Following a series of Islamist-led attacks on military and police in Sinai and Coptic targets in Cairo and Alexandria Al-Sisi launched Comprehensive Operation Sinai 2018 to combat terrorists nationwide.

Moussa Mostafa Moussa

Moussa Mostafa Moussa was born on 13 July 1952 to a well-to-do family. His father was an active leader in the Wafd Party.

Moussa began his studies in Egypt but, acting on his father’s advice, completed his education in France.

He has a bachelor degree in architecture from France and a masters from École Nationale Supérieure D’architecture de Versailles, Paris.

Moussa has long been interested in politics. A member of the youth wing of the New Wafd Party, he later joined the party proper.

In 2005 he joined the Ghad Party as vice chairman. When party head Ayman Nour was sentenced to five years in prison the Ghad split into two factions, one led by Moussa and the other by Gamila Ismail, Ayman Nour’s former wife.

Both used the party’s name and symbols, provoking a legal dispute that was resolved in May 2011 in favour of the Moussa faction.

Moussa unsuccessfully ran for parliament in the 2010 election, standing in Giza.

He was a strong supporter of President Abdel-Fattah Al-Sisi and in 2014 launched a campaign appealing for Al-Sisi to nominate himself as a presidential candidate.

In 2017 he set up a campaign to support Abdel-Fattah Al-Sisi in the 2018 presidential poll. Until 20 January 2018, when he announced his intention to run for office himself, he was engaged in collecting endorsements for Al-Sisi.

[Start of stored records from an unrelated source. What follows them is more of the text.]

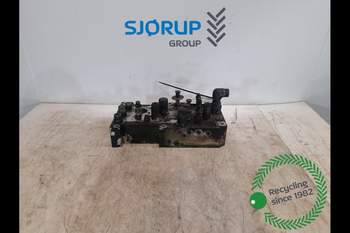 John Deere 8R 370  Suspension control valve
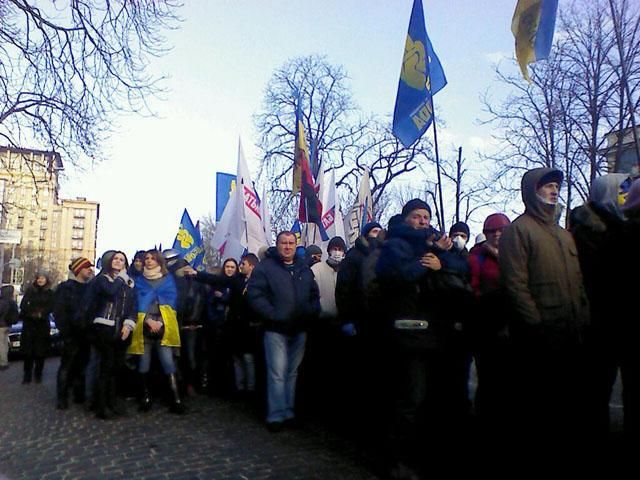 Более тысячи участников Евромайдана направляются к Верховной Раде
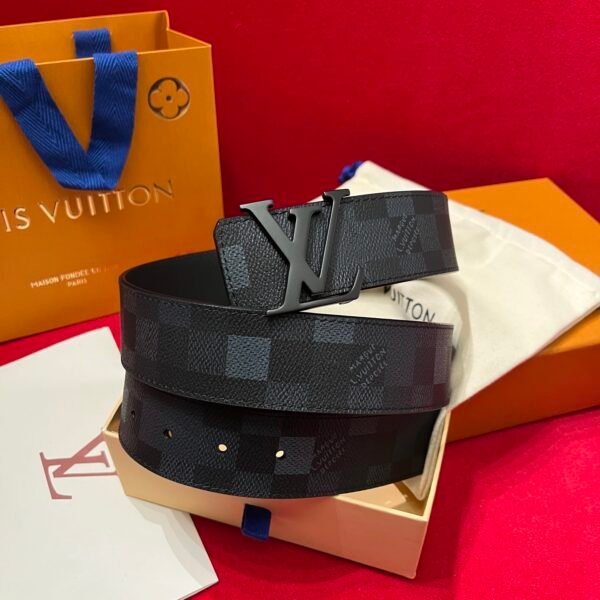 M8958U (2) LV INITIALES DAMOFLAGE 40MM REVERSIBLE BELT M8958U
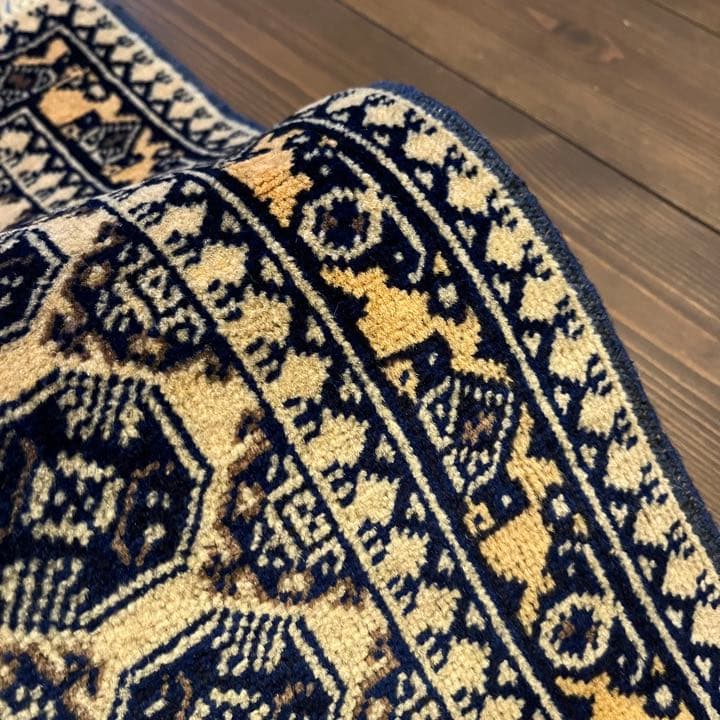 【新品未使用】アフガニスタン産 絨毯 ホジャロシュナイ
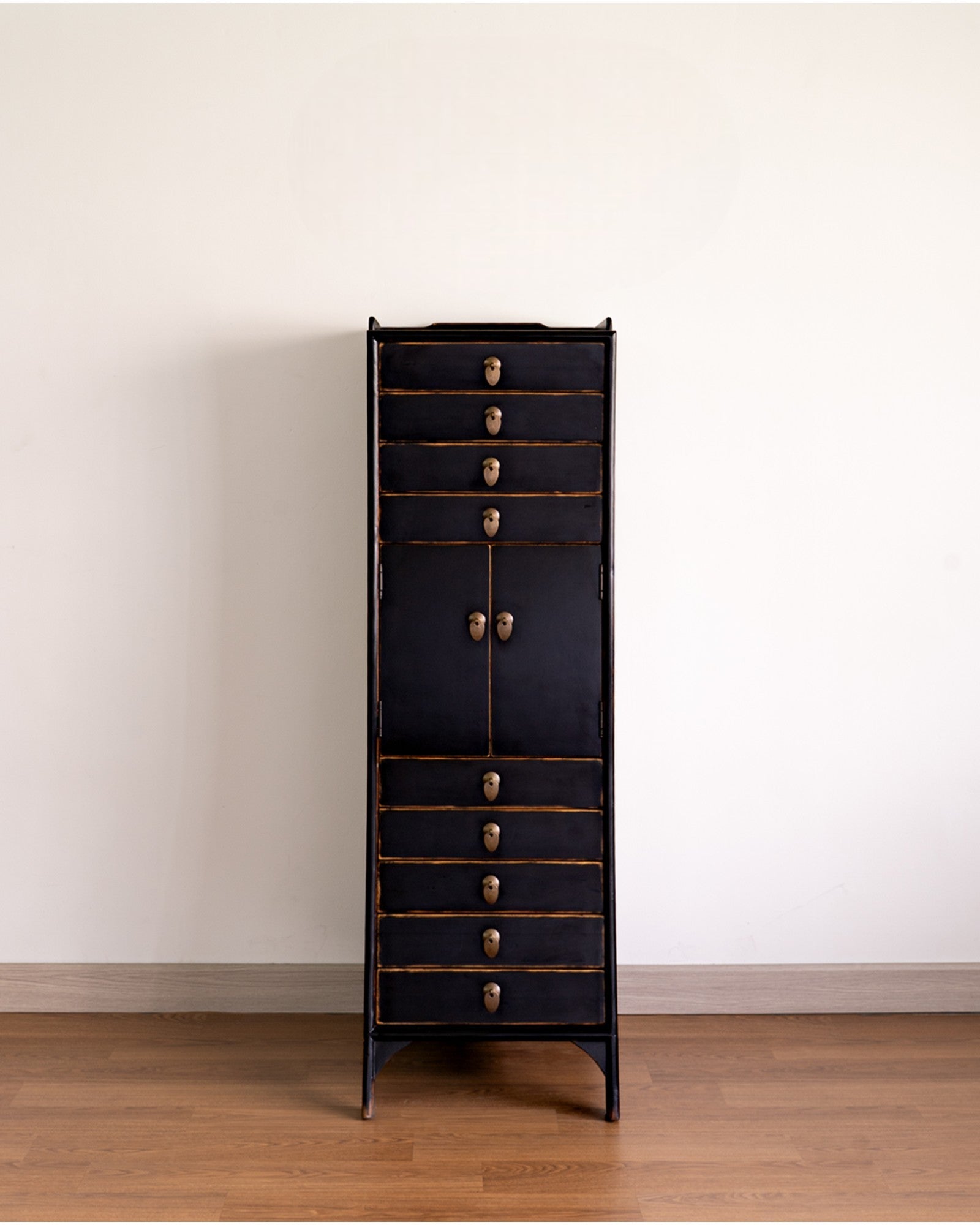 Chinese Black Lacquer Half-Moon Cabinet - Reproduction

Moussa’s decision to stand came after four presidential hopefuls — lawyer Khaled Ali, former MP Mohamed Anwar Al-Sadat, former prime minister Ahmed Shafik and Zamalek Club head Mortada Mansour — withdrew from the race.

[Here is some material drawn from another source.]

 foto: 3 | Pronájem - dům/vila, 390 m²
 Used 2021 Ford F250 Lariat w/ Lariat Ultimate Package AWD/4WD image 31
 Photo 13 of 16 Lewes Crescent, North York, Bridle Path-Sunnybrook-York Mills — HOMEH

Two other possible candidates — former military chief of staff Sami Anan and Colonel Ahmed Konsowa — were arrested after announcing their intention to stand.

Moussa collected the endorsements of 20 elected parliament members. (Under Article 142 of the constitution presidential candidates must secure the recommendation of at least 20 elected MPs or 25,000 eligible voters drawn from a minimum of 15 governorates, with at least 1,000 recommendations per governorate.)

Moussa submitted his candidate papers 15 minutes before the deadline closed.